The Superior General recalls in the letter that “the Church has received by Jesus the mandate to continue his mission throughout the centuries (Mt 28:19).” and the Holy Spirit raised up men and women who took the commitment to heart to bring the message of God’s love to specific groups of poor and marginalized.
“They too gathered around themselves other people who made their own their zeal and committed themselves to evangelizing, not as individual, but as structured communities, giving thus origin to various Religious Congregations.” Blessed Giovanni Battista Scalabrini “identified a category of poor people that had not received as yet proper attention by the Church — the migrants. The thought that they might 'lose, for a totally material life, the faith of their fathers' urged him, as a Bishop full of zeal, to act. The Congregation he founded committed itself from its initiation to that which Blessed Pope John Paul II defined as the “new evangelisation... addressed primarily to those who already have the gift of faith. The latter, being transplanted in a non-familiar cultural environment, are in danger either of disregarding their faith, because they do not find the proper soil to grow in it, or of losing it altogether, because they immerse themselves into advancing as fast as they can their economic situation.”

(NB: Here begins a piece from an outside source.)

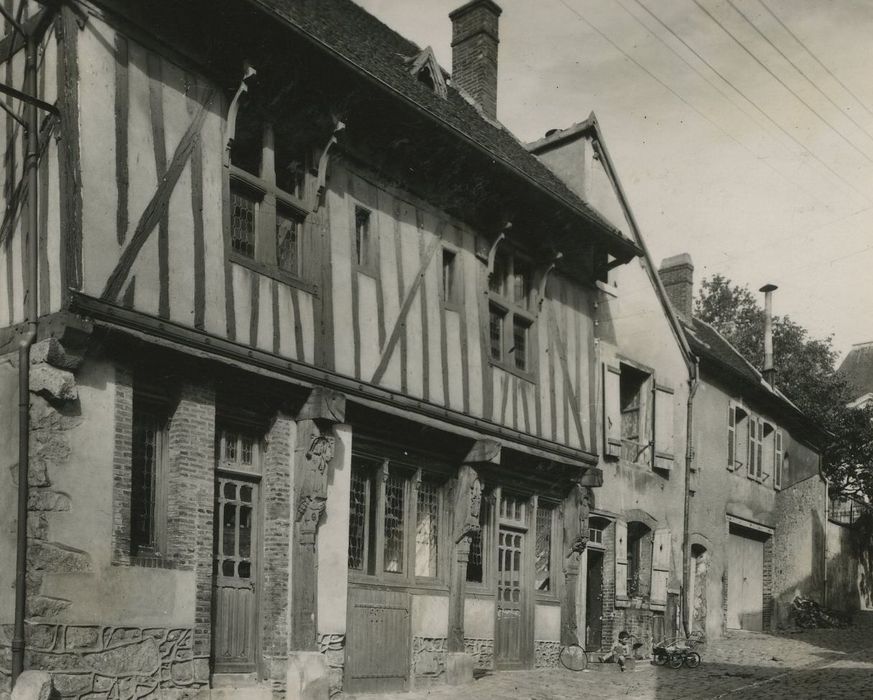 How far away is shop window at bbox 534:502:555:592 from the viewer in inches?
→ 584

After stating that “in our Congregation, wherever we are, whatever role we are entrusted with, and whatever activity we are carrying out, we are all called to evangelize,” Fr Sérgio Geremia dwelled on “some aspects of evangelization, specifically Scalabrinian”: First and foremost, “No Christian ever evangelizes as an individual on his own, but always as a member of a community.” Secondly, “we cannot be Scalabrinians who evangelize migrants unless we know the world of migrants—their culture, their needs, their concerns and their aspirations.” Migrants cannot be considered simply as receivers of evangelisation “but as agents of it as well.” The collaboration of the laity, volunteers and professionals who work inside and outside the migrant community is vital. Finally, since the phenomenon of migration is continually changing, the Superior General emphasised: “our Congregation is, consequently, called to continually revise its structures, positions and pastoral methods.... We must be open to the signs of the time and be always creative in renewing and even abandoning our positions and pastoral forms, although acquired at times with unbounded sacrifices, and in resorting to new ones.” (SL) (Agenzia Fides 26/01/2011)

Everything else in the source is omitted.